Even as Morocco struggled to the finish line Saturday, limping exhausted and injured through its seventh game in 24 days, it never quit. Nor did its large and enthusiastic red-clad fan base, whose incessant whistling and choreographed chants became a big part of the soundtrack of this World Cup.

By the end, the rest of the world was cheering Morocco as well.

“I would like to salute Morocco,” Croatia coach Zlatko Dalic said at the start of his postgame news conference. “It was a great fight they put up. They were tired, they were exhausted. But they put up a great fight.

“They remind me of us four years ago.”

Morocco's Anass Zaroury, left, kicks the ball past Croatia's Josip Stanisic during the third-place game Saturday.
Morocco's Anass Zaroury, left, kicks the ball past Croatia's Josip Stanisic during the third-place game Saturday. (Francisco Seco / Associated Press)

Four years ago, Croatia made the final, the greatest achievement of a golden generation that played its final World Cup game Saturday. And fittingly Luka Modric and Ivan Perisic, the core of that generation, had a role in its final World Cup victory, teaming up on a well-designed set piece that ended with Josko Gvardiol heading in the game’s first goal in the seventh minute.

Modric, a former Ballon d’Or winner and Croatia’s all-time leader in appearances, sent a free kick toward the near post for Perisic, the team’s leading active goal scorer, who peeled away from his defender to head the ball back into the center of a box for Gvardiol, who nodded it in.

The assist gave Perisic a hand in his 11th World Cup goal since 2014. Only Argentina’s Lionel Messi has been involved in more. And only Messi has played in as many World Cup games over that span as Modric, 37, and Perisic, 33, who were starting for the 17th time.

Croatia’s lead didn’t last long though, with Achraf Dari bouncing in a header to tie the score less than two minutes later.
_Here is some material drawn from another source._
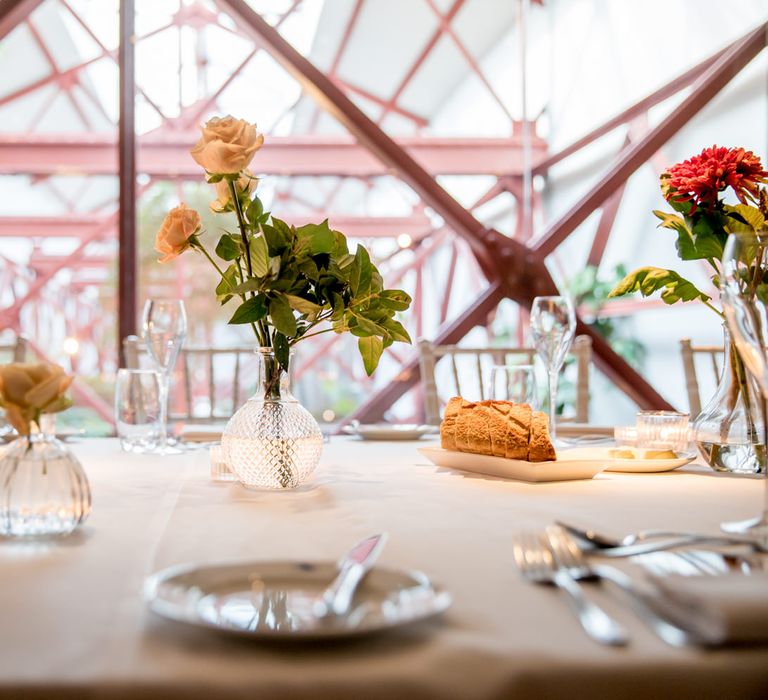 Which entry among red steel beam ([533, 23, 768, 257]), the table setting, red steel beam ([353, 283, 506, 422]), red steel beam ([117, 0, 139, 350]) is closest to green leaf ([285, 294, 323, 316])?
the table setting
But Croatia went back in front to stay three minutes before the intermission when Mislav Orsic curled a right-footed shot just over the outstretched right hand of Moroccan goalie Yassine Bounou and in off the far post.

Gvardiol is 20, his goal Saturday making him the youngest Croatian to score in a World Cup. Orsic is 29, young enough to be in the picture for the next World Cup.

“This is the end of the cycle for us, the end of process. This is the last World Cup for some of my players,” Dalic said. “But we have some young players and they are the hope for Croatia. I believe Croatia has a great future.”

Regragui says he believes the same about Morocco. He emptied his bench in the second half, keeping a promise to give game time to players who hadn’t appeared in a World Cup game. Yet the Atlas Lions kept pushing to the final whistle, which sounded just seconds after Youssef En-Nesyri’s header just missed the crossbar, dropping harmlessly onto the roof of the net.

“Through experience you learn,” said Regragui, who sees his team’s success inspiring a golden generation for African soccer. “The doubts were in the mind of everybody before this tournament. We’ve done better than expected, but it’s not enough. We’ve proven that it’s possible to go far in this tournament with hard work. You build that DNA gradually and we need to build it throughout the continent.”

“I’m sure that in 15 years,” he added, “an African country will win the World Cup.”

And that certainly is more valuable than any precious medal.